# Contrat condensé pour Pôle Emploi



## Nanou91 (27 Septembre 2022)

Bonjour,
Pour celles qui galèrent à transmettre un contrat de travail à POLE EMPLOI, qui doivent faire des montages savants pour ne prendre que certains bouts de pages, je partage ce modèle que j'ai fait moi-même (donc repiqué à personne et qui ne vient pas du Net).
Il tient sur une page, je le fais signer aux PE en même temps que le contrat complet (26 pages chez moi) et j'envoie le modèle condensé à POLE EMPLOI, il contient tous les éléments nécessaires.
J'ai laissé les "Détails du contrat" pour que vous sachiez quoi y mettre


----------



## Tatynou1 (27 Septembre 2022)

c'est pour moiiiiiii 
c'est vrai galère pour envoyer toutes les pages à polemploi !!!!.... 
MERCI beaucoup @Nanou91 ....  🌺  🌺


----------



## Petuche (27 Septembre 2022)

Merci Nanou91,  super ça va bien m'aider...


----------



## nathy300 (27 Septembre 2022)

Merccciiiii. Je ne sais pas comment le récupérer….


----------



## Nanou91 (27 Septembre 2022)

@nathy300
Il faut cliquer sur l'image puis quand elle est ouverte, "Download" en haut à droite.

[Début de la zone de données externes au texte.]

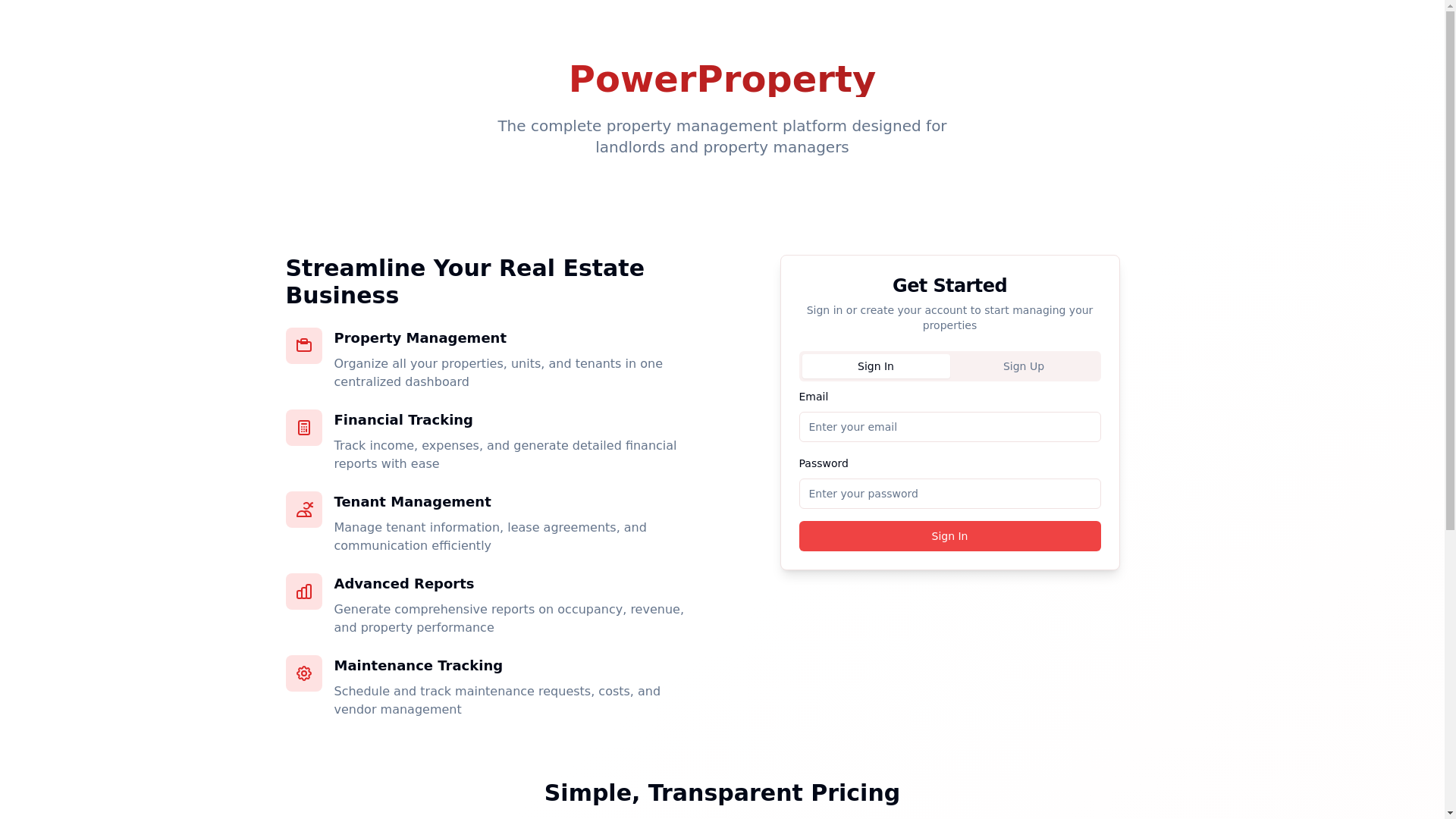 website screenshot of https://powerpropmanager.com/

Sinon "clique droit" sur l'image puis "enregistrer l'image sous"


----------



## assmatzam (27 Septembre 2022)

Salut Nanou 

Alors moi je n'envois que 3 pages 
1) Identification des parties
2) Calcul de la mensualisation et type de contrat avec tableau récapitulatif des heures d'accueil
3) Signature des 2 parties 

J'estime que c'est largement suffisant 
Et qu'ils n'ont pas à en savoir plus


----------



## Nanou91 (27 Septembre 2022)

@assmatzam 
Si je devais scanner les pages qui reprennent les éléments dont tu parles, ça me prendrait plus de temps que de faire signer ce condensé aux PE   . Donc je vais au plus simple


----------



## assmatzam (27 Septembre 2022)

Oui c'est vrai 
Mais tu n'indiques pas le montant de ta mensualisation ?


----------



## Pioupiou (27 Septembre 2022)

si c'est indiqué 880.08€


----------



## assmatzam (27 Septembre 2022)

Ah oui j'avais pas vu


----------



## Caro35 (27 Septembre 2022)

Du coup, tu peux nous le mettre vierge stp 🙏


----------



## Nanou91 (27 Septembre 2022)

@Caro35 
c'est demandé si gentiment   
le voilà vierge totalement


----------



## Caro35 (27 Septembre 2022)

Merci 🤩


----------



## Chouchou301 (27 Septembre 2022)

Merciii !!!


----------



## Nounousand02 (28 Septembre 2022)

Moi je perçoit actuellement une ARE . Et je reprend un nouveau contrat le 1er octobre je vais devoir du coup envoyer à pôle emploi mon nouveau contrat? Ou sa va se calculer automatiquement à lactualisation fin octobre . Car à chaque fois que je m actualisé sa me demande si j'ai repris un contrat ?


----------



## Ladrine 10 (28 Septembre 2022)

Merci beaucoup
Moi j'envoie que la première page de mes contrats
Avec juste les infos des employeurs
Le reste il le verrons avec les BS 
Jamais eu de soucis pour le moment


----------



## Nanou91 (28 Septembre 2022)

@Nounousand02 
Chaque agence POLE EMPLOI fonctionne un peu comme elle veut.
Moi par exemple, j'envoie ce contrat condensé à chaque fois que j'en reprends un.
En août, j'en ai envoyé un, il n'est toujours pas traité. Malgré tout ils ont pris en compte le bulletin de salaire de cet employeur fin août pour calculer le complément.
Un mois après il n'est toujours pas traité...
J'en ai commencé un autre le 26... que j'ai envoyé hier.
Je me suis actualisée ce matin, on  verra...


----------



## Nounousand02 (28 Septembre 2022)

@Nanou91 D accord je vais faire sa . De toute façon le contrat repris sera plus payer que mon ARE donc je sait que j'en toucherai plus . Je regarderai bien début novembre si il on pris en compte mon activité reprise à mon actualisation de fin octobre


----------



## assmatzam (28 Septembre 2022)

Et bien ce matin je m'actualise sur Zen 
Ensuite je jette un œil sur le site de pôle emploi emploi
Mes 4 BS envoyés le 26 sont Traités 

Le nouveau contrat que j'ai envoyé le 20 n'est toujours pas traité 

Du grand n'importe quoi


----------



## Leeanna (28 Septembre 2022)

Merci pour ce modèle contrat condensé pour pôle emploi. @Nanou91


----------